Not cheap, but suppose to work well. 
Only problem is that it does not list Voles.


----------



## Springville Shooter (Oct 15, 2010)

Soon, the mice and voles will suffer from mineral deficiencies and die anyway. Have you noticed any exhibiting over bites or any other malformations?-----SS


----------



## LostLouisianian (Oct 11, 2010)

Springville Shooter said:


> Soon, the mice and voles will suffer from mineral deficiencies and die anyway. Have you noticed any exhibiting over bites or any other malformations?-----SS


I can google search and cite 11 teen different studies that show that if you use eleventy seven tons of glyphosate and ten billion gallons of 2,4-D per square centimeter and you have a biomass deficiency of selenium that is equal to the pythagoriam's theorem divided by the square root of the diameter of Uranus plus 7 oil company trucks spraying magnesium salt on a gravel road then your voles and mice will suffer some sort of issues that may contribute to their declining population as their actual population numbers are increasing.


----------



## Dunkem (May 8, 2012)

LostLouisianian said:


> I can google search and cite 11 teen different studies that show that if you use eleventy seven tons of glyphosate and ten billion gallons of 2,4-D per square centimeter and you have a biomass deficiency of selenium that is equal to the pythagoriam's theorem divided by the square root of the diameter of Uranus plus 7 oil company trucks spraying magnesium salt on a gravel road then your voles and mice will suffer some sort of issues that may contribute to their declining population as their actual population numbers are increasing.


Dont even start-O,-


----------



## Springville Shooter (Oct 15, 2010)

Oh c'mon Dunky, harmless fun. Doesn't it say in the by laws that mineral deficiencies, spike hunting on the Monroe, and long range hunting are all subjects that are open to unlimited sarcasm?--------SS


----------



## Loke (Sep 7, 2007)

So what is the longest shot you've ever made on a vole?


----------



## Mr Muleskinner (Feb 14, 2012)

First thing I would do is let your chickens free range as much as possible. Chickens are mice eating machines. AS far as the voles go....we have used the poison and the traps havahart traps at the same time. I am not a fan of poison at all so we quit using it. The mice are pretty much gone because of the chickens. I have not seen any signs of the voles yet this year in my yard and to be honest it is not that big of deal to me anymore. I will use the safe traps and that is it if I end up having them again.


----------



## Dunkem (May 8, 2012)

Springville Shooter said:


> Oh c'mon Dunky, harmless fun. Doesn't it say in the by laws that mineral deficiencies, spike hunting on the Monroe, and long range hunting are all subjects that are open to unlimited sarcasm?--------SS[/QUOT
> 
> Guess I better reread them again:mrgreen:Just dont want another 14 page headache.
> 
> Thanks SS I got top o the page.


----------



## DallanC (Jan 13, 2009)

Loke said:


> So what is the longest shot you've ever made on a vole?

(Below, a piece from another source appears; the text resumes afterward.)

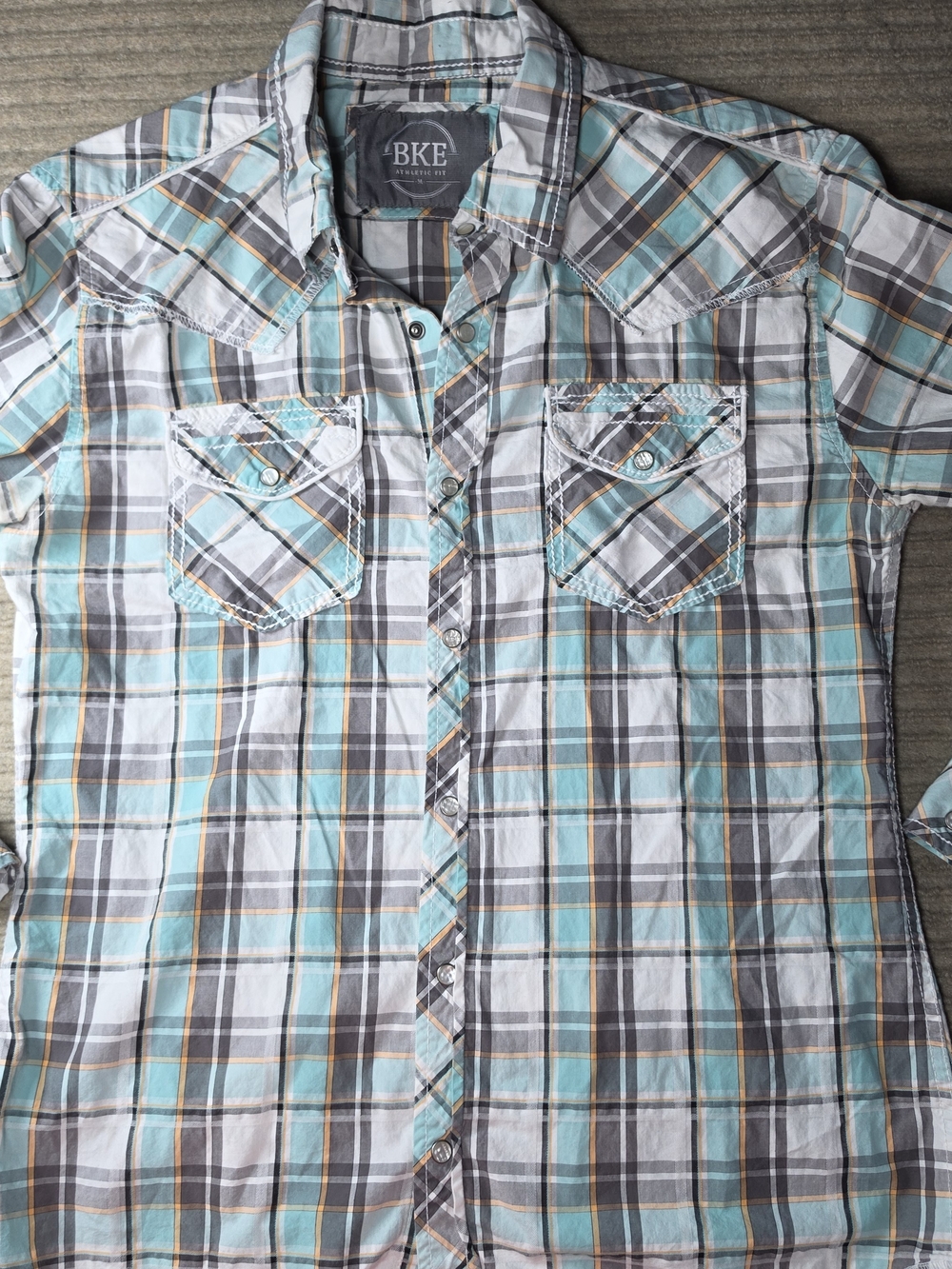 Buckle BKE Western Pearl Button Snaps Shirt Mens Medium Plaid Athletic Fit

15-16ft using my boys Rugar Airhawk & pellets.

-DallanC


----------



## Airborne (May 29, 2009)

*Ruger


----------



## Jedidiah (Oct 10, 2014)

Suck em up out of the live trap with a shop vac, reverse suction and blast em out against a brick wall, above a garbage can. Three second solution.


----------



## Fowlmouth (Oct 4, 2008)

I have a bunch of voles around my house, mostly in the fields behind and to the side of the house. I get quite a few that end up in my window wells each year. There was one in the well this morning, it scratched on my daughters window all night. I dispatched him with a shovel. The crazy thing is how deep those tunnels are for them to get in the window wells.


----------



## wyogoob (Sep 7, 2007)

Ancient Romans kept live mice in their kitchens in earthenware jars and fattened them on acorns and nuts.

See the book: *Unquestionable Cuisine* for mouse recipes.

Lots of mice and voles in the Southwest Wyoming part of Utah this winter; great for the coyotes, hawks and owls, bad for the upholstery on my '65 Chevy.....dangit

.


----------



## Critter (Mar 20, 2010)

wyogoob said:


> Ancient Romans kept live mice in their kitchens in earthenware jars and fattened them on acorns and nuts.
> 
> See the book: _Unquestionable Cuisine_ for mouse recipes.
> 
> ...


By the way Goob how is mouse fricassee? :hungry:


----------



## outdoorser (Jan 14, 2013)

I have to admit I enjoy popping them lil buggers with a variety of weapons.. not 5 minutes ago i was out there with a scoped up .22....got 4 of em in about 15 minutes, missed a bunch more.


----------



## LostLouisianian (Oct 11, 2010)

Springville Shooter said:


> Oh c'mon Dunky, harmless fun. Doesn't it say in the by laws that mineral deficiencies, spike hunting on the Monroe, and long range hunting are all subjects that are open to unlimited sarcasm?--------SS


You know what they say,,,,,, if you can't laugh with them, at least laugh at them.


----------